Prince Mangosuthu Buthelezi paid his respects on behalf of King Misuzulu KaZwelithini, the leader of South Africa’s Zulu people.
He highlighted his treasured friendship with King Charles III, sending personal condolences to him.
Former Nigerian President, Goodluck Jonathan, paid his tribute in a tweet via his twitter handle, saying that the late Queen was a champion of social change and a protagonist of modern Britain, adding that her death will be deeply felt globally.
Jonathan tweeted: “My deepest condolences to King Charles, the United Kingdom and the entire Commonwealth over the passing of HM Queen Elizabeth II, the longest reigning monarch in British history.
“She was a well-loved sovereign with a strong sense of duty and service, a champion of social change and a protagonist of modern Britain.
“Her Majesty was a remarkable matriarch who exemplified dignity, selflessness, and compassion and, for a long time, stood as a symbol of unity in the Commonwealth.
“Her death will be deeply felt across the world. May God comfort her family and grant her soul eternal repose.- GEJ.”
Also reacting, Labour Party, LP, presidential candidate, Peter Obi, wrote on Twitter: “I am saddened to hear of the passing on of Queen Elizabeth II, the longest reigning monarch of the United Kingdom. My thoughts and prayers are with the @RoyalFamily, the entire United Kingdom and the Commonwealth nations, over this irreplaceable loss.

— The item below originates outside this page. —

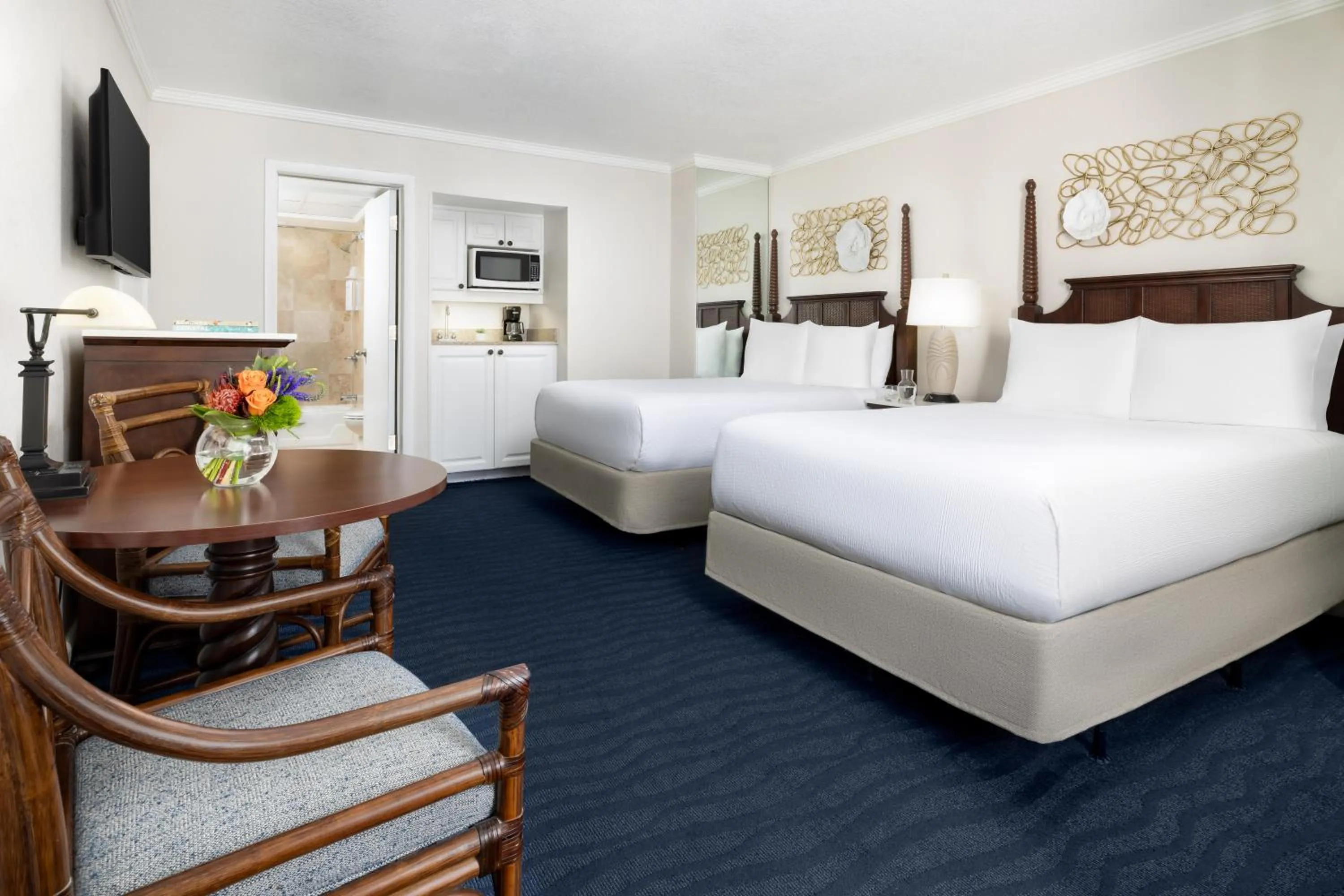 Bedroom, Bed in Island Grand at TradeWinds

“Hers was an impactful reign and beautiful and explored life devoted to democratic ideals, charity, selflessness and empathy. She will always be remembered by the lives, organisations, institutions and countries she positively touched during her reign. May she rest in eternal peace. –PO.”
Furthermore, Atiku Abubakar, former Nigeria’s vice president and presidential candidate of the main opposition, People’s Democratic Party (PDP) also pays tribute to the late monarch, describing her death as the end of a golden era.

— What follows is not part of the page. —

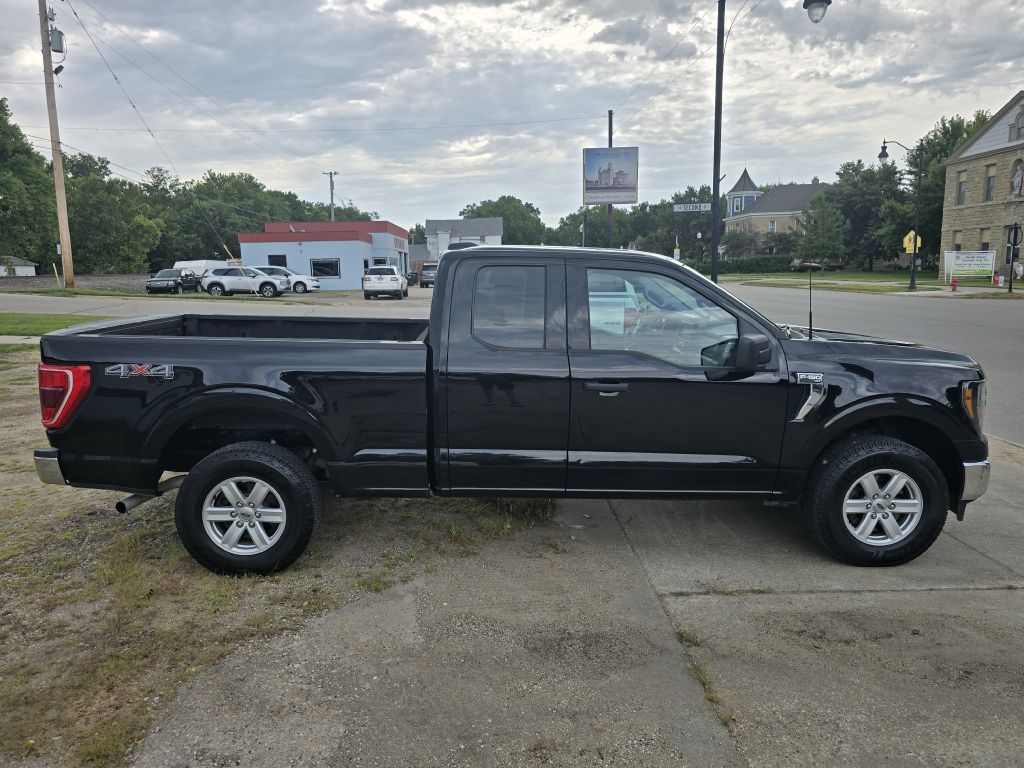 Photo 5 of this FORD F150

According to Atiku, The passing of Queen Elizabeth II comes to everyone around the globe with a rude shock. Her passing is the end of a golden era. Her reign was epochal, not just in the United Kingdom but the entire Commonwealth.

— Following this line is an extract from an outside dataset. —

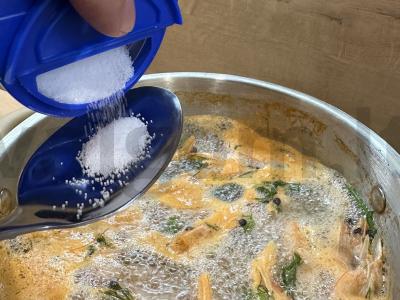 Krevetės su citrinos sultimis ir krapais Žingsnis 4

“The world has known only one Queen, and the passing of Queen Elizabeth II will be the end of an impactful reign, and for the rest of our humanity, it shall be the beginning of history”.
In his tribute, Bola Tinubu, former governor of Lagos State and presidential candidate of the ruling All Progressives Congress (APC), for the 2023 general election, said the late queen would be remembered for her dedication and deep sense of duty.
In a statement, by his media office, Tinubu noted that the queen was the United Kingdom’s greatest monarch.
Tinubu said by his death, the world has lost a revered icon.
“With the sad passing of Queen Elizabeth II, the United Kingdom has lost one of its greatest ever monarchs and the world has lost a much cherished, revered and admired Icon.
He noted that her energy, dedication, deep sense of duty and firm belief in the glory of the United Kingdom were the lasting legacies for which she would always be remembered.
This, Tinubu said, was particularly in the most troubling and troubled times of her long and distinguished reign.
He said that as the first British monarch to reach seven decades on the throne, her patriotic role birthed and sustained warm and enduring friendship between the UK and Nigeria.
“My family’s thoughts and prayers are with the new King, Charles III, the entire Royal Family and all Commonwealth Nations at this time of mourning and sadness.
“May she rest in eternal peace,” Tinubu said.
In its tribute contained in a newsletter shared Friday, Enough is Enough (EiE) Nigeria, said: “Queen Elizabeth II, the UK’s longest-serving monarch died Thursday, September 9th at Balmoral Castle, aged 96, after reigning for 70 years.
“Her loss will be deeply felt throughout the United Kingdom, the Commonwealth, and by countless people around the world. Her death has also brought back the role of the British Empire in the slave trade and the dehumanisation of people of color around the world.”
Her eldest son, Charles, the former Prince of Wales, will lead England in mourning as the new King.